Фантазия получила теперь новую пищу; изображение священной истории приобретает новый характер, как будто художник рассказывает сказки, в которых передается таинственное объединение людей и природы. Силой воображения легенды переплетаются с впечатлениями действительности, конкретизируясь в новых поэтических и живописных образах. Так, например, в гравюре «Бегство в Египет» (В. 7) тропический лесок сочетается с настроением севера; в этих зарослях разгуливает олень, а на опушке резвятся ящерицы, растут лучинник и чертополох, к которому недвусмысленно приближается осел. На небольшой лесной прогалинке, обрамленной густыми тенями, отдыхают странники в идиллическом уединении. Согласно легенде, ангелы нагибают деревья, предлагая усталым голодным путникам отведать растущие на них плоды. Шонгауэр это происшествие изображает иначе. Ветви притягивает книзу крепкий и сильный Иосиф, ангелочки же — маленькие и нежные — помогают ему подобному тому, как дети иногда с ребяческим усердием пробуют принять участие в работе взрослых. Дети являются здесь чисто поэтическим элементом, как позднее у Дюрера и у Альтдорфера, чудо не приходит здесь извне, оно тут (нужно только его увидеть) в поэзии леса (который Шонгауэр попытался изобразить впервые) и везде в природе, так же как и в простой человечности происшествия, не нуждающегося ни в каком чуде для доброго и захватывающего воздействия на зрителя. Корреджо несомненно имел перед глазами этот лист, когда он делал набросок своей мадонны Скоделла.

Но сверхъестественное также не отсутствует у Шонгауэра, о чем свидетельствует знаменитое «Искушение св. Антония» (В. 47), близкое по времени вышеупомянутым работам. Центр тяжести изображения лежит здесь в чудовищности духов, терзающих пустынника. Такого рода нечисти и страшилища являлись отличительным признаком христианского искусства с его дуализмом добра и зла, неба и земли, бога и дьявола, борющихся за овладение человеком. В раннем средневековье изображение чудовищ сводилось к демонизации античных легендарных существ и к восточному мерзкому объединению человека и зверя. Начиная с VIII столетия, подобные изображения стали уступать место другим изображениям, которые основывались больше на линейных сочетаниях, представляющих собою объединение отдельных, выхваченных из животного мира и чудовищно искаженных форм с человеческими, чем на антропоморфных представлениях; эти образы наделены были фантастической жизненностью, причем постепенное развитие здесь заключалось в том, что отдельные формы все больше приближались к своим прототипам. С начала XV столетия хоровод нечистей, монстров и нелепостей исчезает всюду, где действительность побеждала свободно творящую фантазию (в Германии позднее, чем где бы то ни было). И только в последней трети XV в. они снова оживают; наиболее известным примером здесь является искусство Иеронима Босха.

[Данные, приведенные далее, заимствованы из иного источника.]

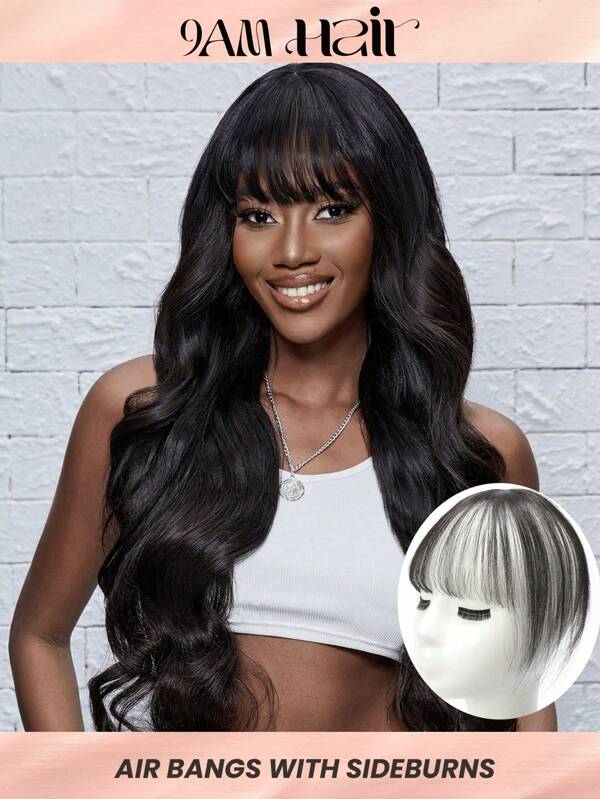 Virgin Human Hair Topper Natural Black Top Hairpiece Air Bangs Straight Toppers With Bangs Top Hairpiece For Women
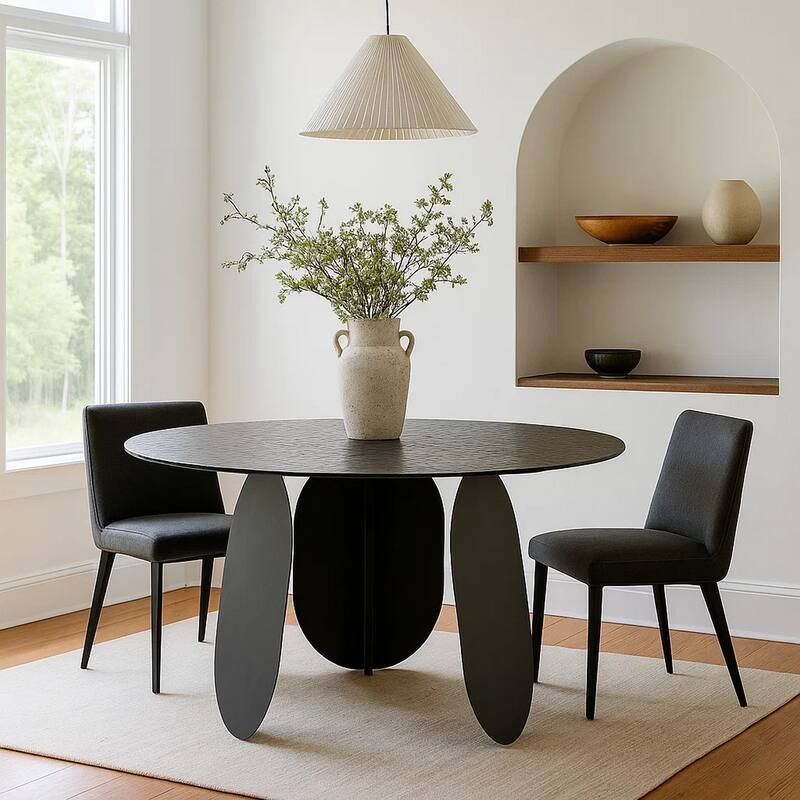 Cid Axen Dining Table, 53 Inch Gray Hammered Glass Top, Black Iron - Gray, Black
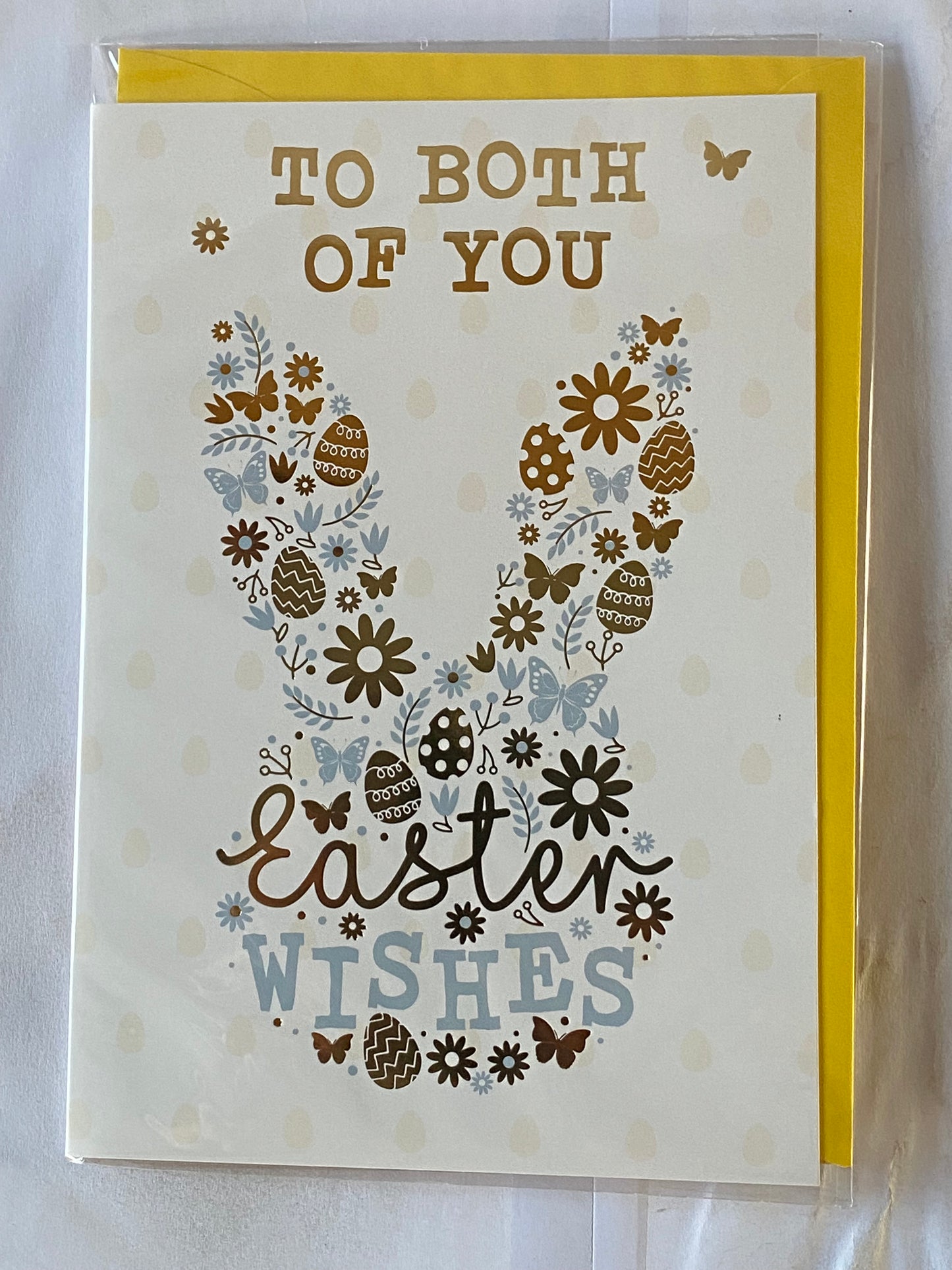 To Both Of You Easter Wishes Easter Card Gold+Blue Bunny Rabbit Head/Gold Words Foil Detail(PH50663A)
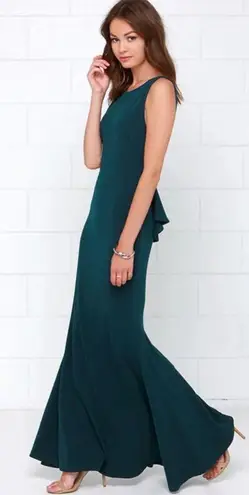 Lulus beautiful dark teal backless mermaid maxi dress size medium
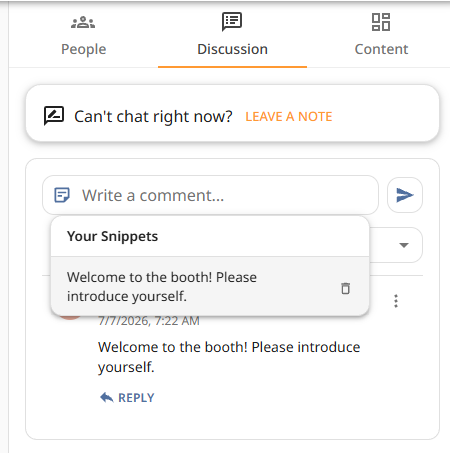 Your Snippets dropdown with saved message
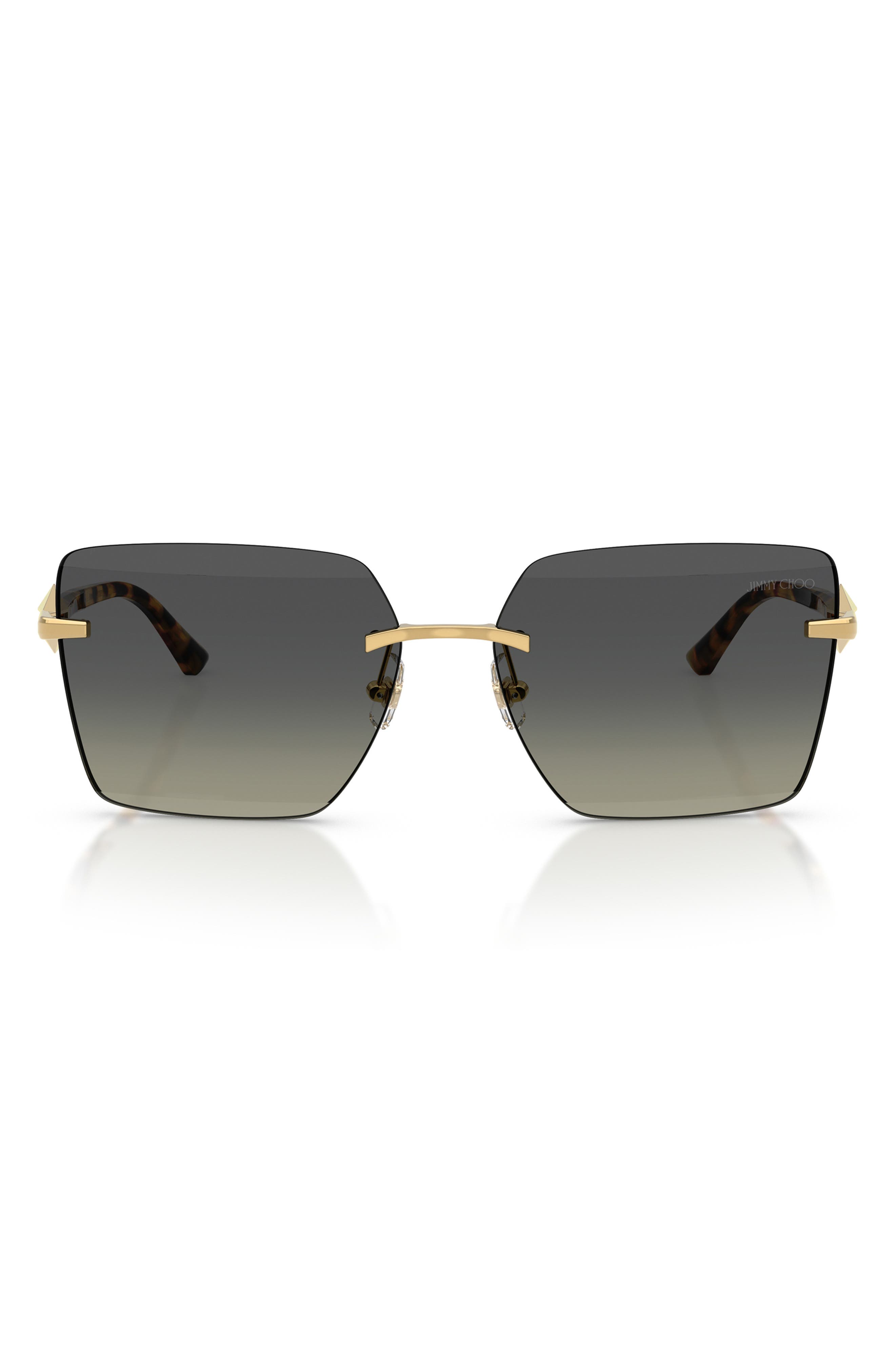 Jimmy Choo 59mm Gradient Square Sunglasses In Gold/grey Gradient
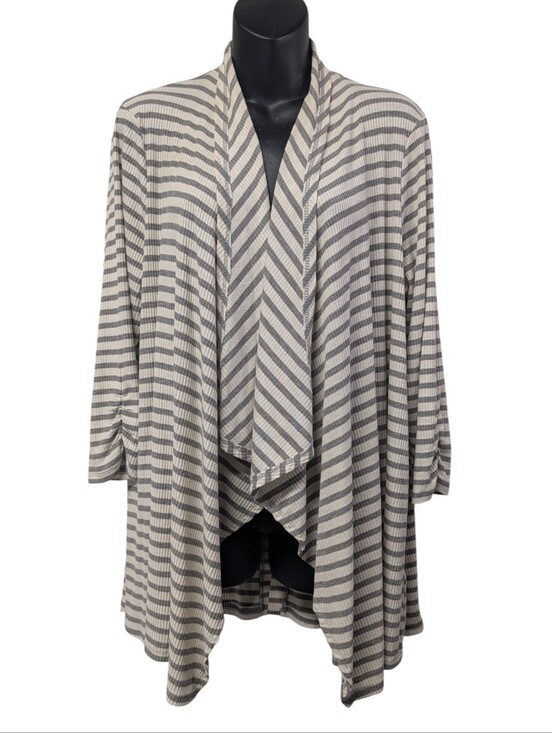 Maurices Tops - Maurices Plus Size 1 Gray White Stripe Lace Up Back Open Front Cardigan Duster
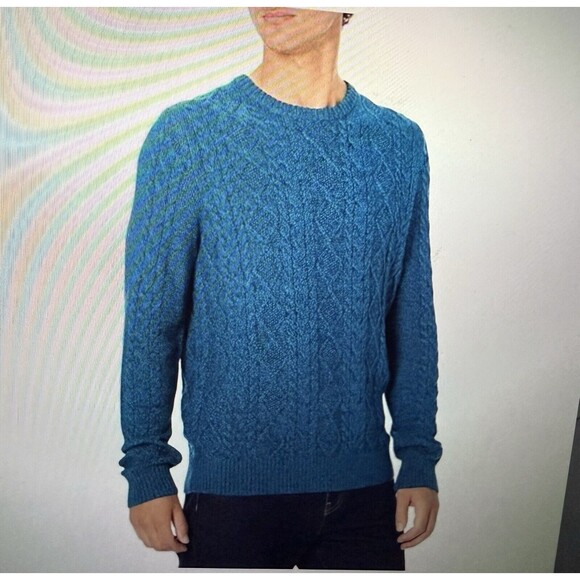 New Cable Knit Jumper Sweater Men’s Size LT Blue Teal Crewneck - Picture 10 of 17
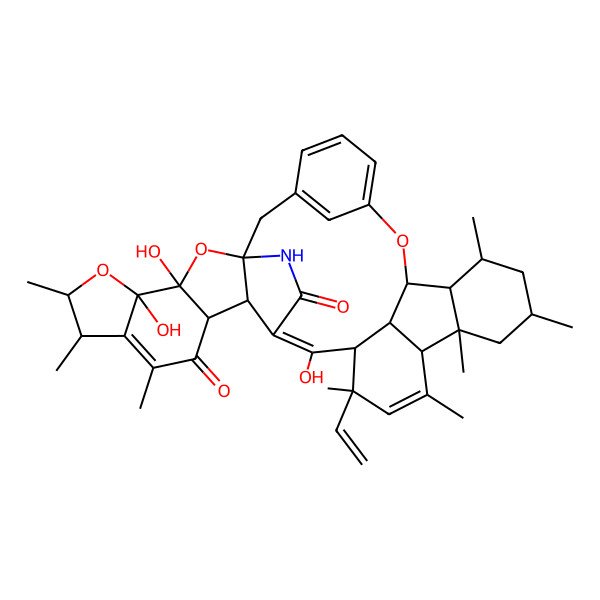 2D Structure of 19-Ethenyl-21,31,32-trihydroxy-11,13,15,17,19,26,28,29-octamethyl-8,30,33-trioxa-34-azanonacyclo[20.11.2.13,7.19,16.01,23.010,15.024,32.027,31.020,36]heptatriaconta-3(37),4,6,17,21,26-hexaene-25,35-dione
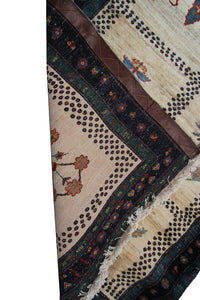 3x10 Gorgeous Art Deco Runner Boho Runner Quality Handmade Area Rug Ivory Runner
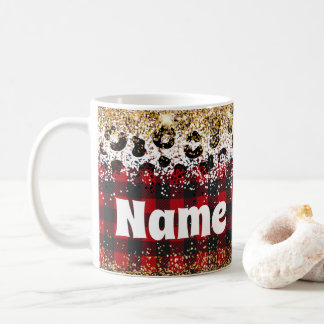 Personalisierter Weihnachts Karierter Glitzer Kaff Kaffeetasse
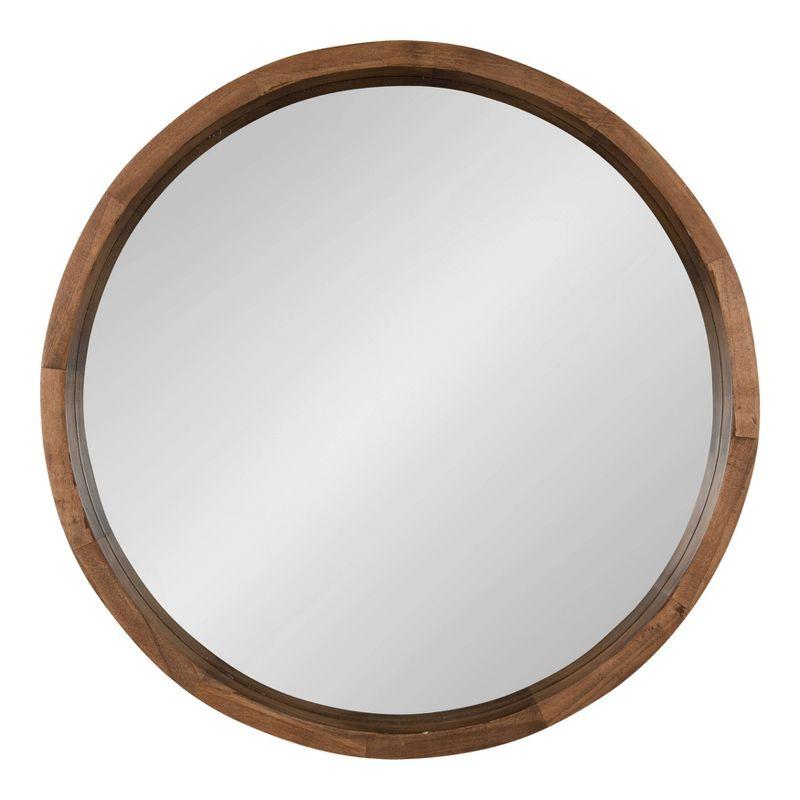 Hutton 22" Rustic Natural Round Wood Wall Mirror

Гравюра Шонгауэра говорит о том, что в процессе возрождения интереса к демоническому участвовал не один только Босх. Была ли связь между ним и Шонгауэром? Голландское искусство XV в. обычно рассматривается слишком упрощенно, как придаток к фламандскому, и недостаточно учитывается тот факт, что оно имело своеобразное развитие, которое во многих отношениях отличалось от южнонидерландского и, наоборот, как это особенно заметно в области скульптуры, имело много точек соприкосновения в период зрелости с немецким искусством. Вторая ошибка состояла в том, что по вине Карла ван Мандера распространилось неверное суждение, приписывавшее работы ведущих голландских художников XV столетия эпохе значительно более поздней, чем это было на самом деле. В произведениях Гертгена новые течения, возникшие в южнонидерландском искусстве, главным образом под влиянием Гуго ван дер Гуса, отражаются не как нечто устаревшее, но как шаг вперед, а потому Гертген примыкает к этим течениям и делится своими достижениями со своим учеником, Герардом Давидом. Из этого следует, что его важнейшие работы должны были возникнуть уже в семидесятых годах[106] . Оуватер же являлся представителем предшествующего голландского искусства, так что его художественная деятельность могла начаться еще до середины столетия. Это обстоятельство мы должны все время иметь в виду. Что же касается Босха, то он начал писать около 1470 г., т. е. в то время, когда Шонгауэр уже вступил на арену художественной деятельности; это доказано Бальдассом[107].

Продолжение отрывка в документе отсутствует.